Come usare la pietra ollare e come prendersene cura

Tra gli utensili da cucina che negli ultimi hanno vissuto una fase di utilizzo sempre maggiore nelle case degli italiani troviamo la pietra ollare, una roccia metamorfica di colore verde, grigio o nero prevalentemente impiegata nella creazione di piastre per la cottura di cibi, pentole e padelle.
Conosciuta anche come steatite, questa pietra deve il suo aggettivo caratteristico al fatto che veniva tradizionalmente usata per produrre le olle, nome latino delle pentole, mentre il nome scientifico, che si rifà al vocabolo greco per grasso, fa riferimento alla sensazione oleosa che rimandano le superfici realizzate con essa, sulle quali è possibile effettuare una cottura sana e dietetica senza l’aggiunta di alcun tipo di grasso, evitando così sia fumi dannosi per la salute che incrostazioni difficili da rimuovere.

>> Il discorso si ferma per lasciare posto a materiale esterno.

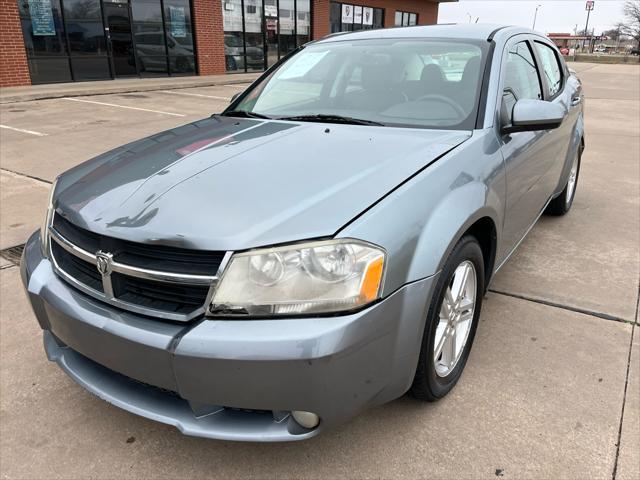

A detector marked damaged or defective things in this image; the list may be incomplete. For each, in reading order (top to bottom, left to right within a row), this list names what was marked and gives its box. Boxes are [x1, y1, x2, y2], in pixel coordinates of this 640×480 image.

damaged hood [55, 116, 470, 251]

Al primo utilizzo dopo l’acquisto è consigliato lavarla con acqua salata e, una volta asciugata, ungerne entrambi i lati con olio vegetale o strutto, lasciandola riposare per 24 ore fino a quando non lo avrà completamente assorbimento.
Per utilizzarla sarà poi sufficiente disporla sopra alla fiamma dei fornelli o a una brace ardente, premurandosi di riscaldarla in modo graduale e uniforme, facendo in modo che il calore raggiunga tutta la superficie con la stessa intensità, evitando così che si formino crepe causate dallo sbalzo termico.

Una volta controllato che sia stata raggiunta la massima temperatura indicata per la cottura, si potranno quindi disporre alimenti come carne e pesce ed eventualmente anche verdure e tuberi da preparare al cartoccio conditi unicamente con spezie, mentre l'aggiunta dell’olio andrà fatta successivamente.

Terminata la fase di cottura, è poi necessario attendere che la pietra si sia completamente raffreddata prima di procedere con la pulizia, evitando assolutamente di cercare di accelerare il processo utilizzando dell’acqua fredda, perché il brusco cambio di temperatura potrebbe danneggiarla permanentemente.
Una volta trascorso il tempo necessario (lasciarla riposare tutta la notte se la usate per una serata) si può procedere con la pulizia, per il quale non bisogna possibilmente utilizzare detersivi che finirebbero col penetrare nelle porosità della roccia.
Per riportarla alla sua bellezza naturale è opportuno ricorrere all’utilizzo di un raschietto di plastica per rimuovere delicatamente i residui di cibo incrostati; è eventualmente possibile completare l’operazione strofinando con una spugna imbevuta d’acqua, eventualmente con aggiunta di aceto o limone tenendo presente però che questi ingredienti non danno un reale contributo al risultato, che sarà interamente legato alla asportazione fisica dello sporco incrostato per azione meccanica.

La permanenza di residui nella porosità della pietra è pressochè inevitabile, per cui è consigliabile riservare questo utensile ad un solo tipo di cibo (carne o pesce o verdura) se volete evitare la commistione di sapori. Per una pulizia più professionale e sicura è anche possibile trovare in commercio alcuni detergenti o smacchiatori specifici che possono essere applicati direttamente su questo materiale senza rischiare di rovinarlo.

Ora che anche la pietra ollare non ha più segreti per voi, non vi resta che acquistarne una e iniziare a preparare il vostro cibo in un modo completamente nuovo di cui non potrete più fare a meno!